Salvar
el Yasuní es posible. No es fácil, y menos en esta época de crisis,
pero es posible. Hay en el exterior, particularmente en Europa,
creciente preocupación por las consecuencias del cambio climático
producido por la deforestación, la emisión de gases contaminantes y la
quema de combustibles fósiles. Los anuncios de replantear la política
de Estados Unidos en esta materia por parte de Barack Obama generan
expectativas.
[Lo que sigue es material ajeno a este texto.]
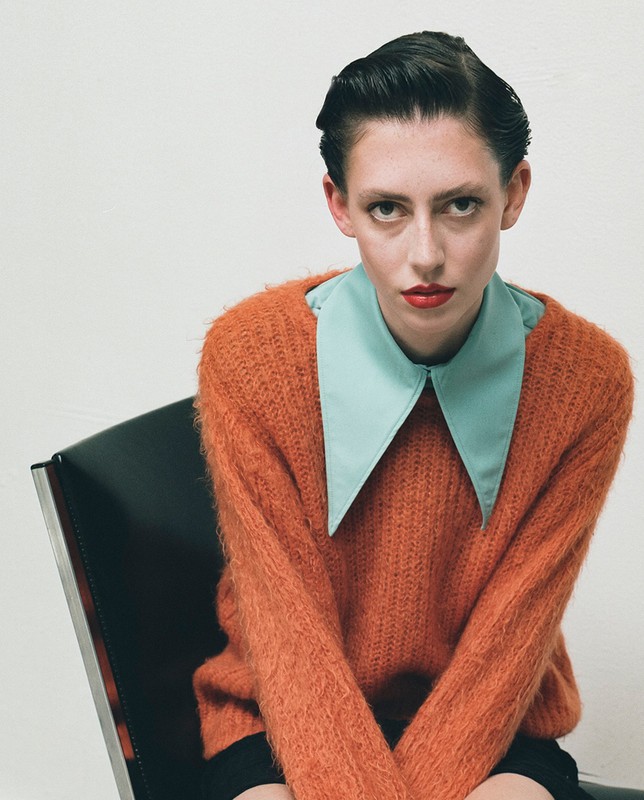Portrait of a fair-skinned woman with dark slicked-back hair, wearing an orange sweater and blue collared shirt, sitting in a black chair.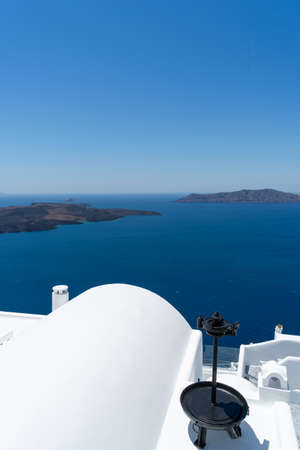 Old metallic tool for decoration on a white roof of a house of Santorini island, Greece. Blue Mediterranean sea and Santorini caldera in the background. Portrait formatの写真素材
Los avances de las negociaciones sobre el cambio
climático dentro de las Naciones Unidas demuestran también su inquietud
sobre el futuro del planeta.
En ese contexto, la original
propuesta ecuatoriana del Yasuní-ITT de dejar el crudo en tierra y
constituir un fideicomiso para captar recursos provenientes de la
comunidad internacional que compensen el sacrificio de nuestro país
para destinarlo a la protección de nuestras riquezas naturales, al
desarrollo de energías renovables y a la ejecución de proyectos de
desarrollo social, ha calado hondamente, va abriéndose espacio y gana
adeptos.
Desde febrero pasado, en que el presidente Correa me
honrara con el encargo de promover en el exterior y en su nombre tan
audaz iniciativa, la propuesta ha tenido un largo recorrido: se han
hecho ajustes a los instrumentos financieros y es cada vez más conocida
y respaldada. La intención es obtener recursos a través de
contribuciones voluntarias de gobiernos, organismos internacionales,
empresas, filántropos y ciudadanos del mundo para depositarlos en el
fideicomiso, pero sobre todo -por los montos que se deberán manejar
para hacerla viable- a través de la emisión por parte del Ecuador de
certificados que serían colocados, previa aceptación del sistema, en el
mercado europeo de carbono.
Alemania es el país más firmemente
comprometido. Su Parlamento y su Gobierno así lo han hecho saber.
España también la respalda y están por definirse los mecanismos a
través de los cuales ese respaldo puede hacerse efectivo. Otros países
la estudian con simpatía. La OEA, la CAN, la OPEP, la CAF, el Pnuma,
entre otras organizaciones, han expresado su apoyo institucional. Desde
el sector no gubernamental, la sociedad civil nacional e internacional
se ha movilizado de manera sorprendente. ONG sociales y ambientales del
mundo entero la difunden a través de sus redes y suman adhesiones.
Se
ha constituido un Grupo de Altas Personalidades para patrocinar la
propuesta, integrado, entre otras, por Felipe González, Mijail
Gorbachov, Ricardo Lagos, Rita Levi Montalcini, Rigoberta Menchú,
Fernando Henrique Cardoso, Desmond Tutu, Mohamed Yunus. Su presencia le
da credibilidad y confianza. Aunque el enemigo es el tiempo, la
propuesta gana terreno. El Gobierno acertó al proponerla al mundo.